Si è svolta ieri pomeriggio la Conferenza dei Sindaci, con all’oggetto le innumerevoli criticità del sistema sanitario vibonese. “Qualche segnale positivo si è registrato, soprattutto abbiamo apprezzato la volontà da parte dei sindaci, di rivendicare tutti insieme maggiore attenzione nei confronti del nostro territorio, in termini di risorse, di posti letto, di personale. Confidiamo molto in questa ritrovata unità, su argomenti di vitale importanza, come la Sanità, anche perché riteniamo che se la provincia di Vibo Valentia ha subìto nel corso degli anni forti penalizzazioni, gran parte delle responsabilità sono da attribuire ad una classe politica incapace di rivendicare i diritti costituzionalmente riconosciuti, per cui ci aspettiamo da ora in avanti maggiore serietà e maturità nell’affrontare tematiche che incidono direttamente sulla vita dei propri cittadini”.

A parlare sono Daniela Primerano, Francesca Guzzo e Ornella Grillo, dell’Osservatorio Civico Città Attiva che aggiungono: “Altro segnale positivo è stata la presenza della commissione straordinaria al completo, accompagnata dal direttore amministrativo. Abbiamo apprezzato molto la disponibilità al confronto, ed abbiamo accolto con grande favore anche la notizia dell’immediato ripristino della funzionalità della risonanza magnetica, dopo la nostra diffida, ma non possiamo al momento evitare di criticare la mancanza di soluzioni per risollevare la sanità vibonese. A parte una lunga dichiarazione d’intenti da parte del prefetto Piscitelli, che preferiremmo ascoltare mentre legge un lungo elenco di cose concrete già fatte, l’affermazione “non abbiamo la bacchetta magica” lascia alquanto perplessi, soprattutto quando si ammette pubblicamente che a Vibo mancano tantissimi posti letto, difatti è ormai noto che Vibo sia l’unica provincia che nonostante la riprogrammazione della rete ospedaliera, da un rapporto attuale di 1,86 arriva ad un misero 2,39 (l’indicatore nazionale è del 3x1000), mentre alcune province calabresi superano il 4x1000: Crotone da 3,92 passa a 4,00 e Catanzaro da 4,10 arriva a 4,57”.

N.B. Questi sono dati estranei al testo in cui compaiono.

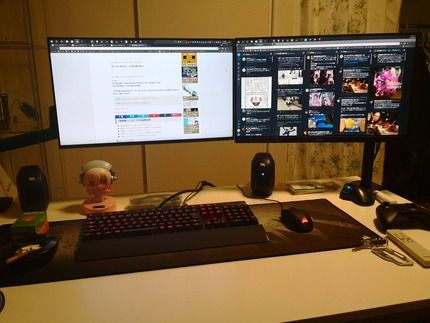 画像 おまえらのpcデスク周り Pc部屋がみたい 異世界転生まとめ速報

“In termini di personale è stato anche riconosciuto che a Vibo vi è una forte carenza, ma è stato anche precisato che per poter ottenere maggiori risorse ‘l’Azienda’ deve aumentare la produzione, a questo punto sorge spontaneo domandarsi: se non hai il personale necessario, come fai ad aumentare la produzione ed i posti letto? Interrogativi a cui la commissione straordinaria è tenuta a dare risposte, in quanto è obbligata a garantire i LEA, in coordinamento con il Commissario ad acta ai sensi dell’art. 4 comma 1 del Decreto Calabria. Così come hanno poco convinto anche i tentativi del direttore amministrativo di ‘giustificare’ le forti penalizzazioni che continua a subire il territorio vibonese in termini di ripartizione delle risorse: dopo aver ammesso un forte sbilanciamento del privato accreditato a favore del territorio crotonese, ha riferito che hanno utilizzato il criterio della deprivazione sociale per rivendicare maggiori risorse per Vibo. Noi ci teniamo a puntualizzare che non siamo assolutamente disponibili ad accettare la sola presa d’atto della mancanza di equità che ha caratterizzato fino ad oggi i piani di riparto, se non è accompagnata da una precisa volontà di porre fine, una volta per tutte, a vere e proprie discriminazioni territoriali che si consumano sulla nostra pelle e ci teniamo a ricordare che il compito di tutelare il Diritto alla Salute, garantito dall’art. 32 Cost., spetta in via esclusiva all’Azienda sanitaria, per cui dal direttore amministrativo, ci interessa sapere non perché il privato accreditato si sia concentrato a Crotone, ma quale misura di riequilibrio intende rivendicare per garantire a Vibo gli stessi servizi sanitari pubblici che altrove vengono erogati dal privato accreditato, ricordando che l’art. 3 della Cost. non ammette distinzioni per residenza”, concludono Daniela Primerano, Francesca Guzzo e Ornella Grillo.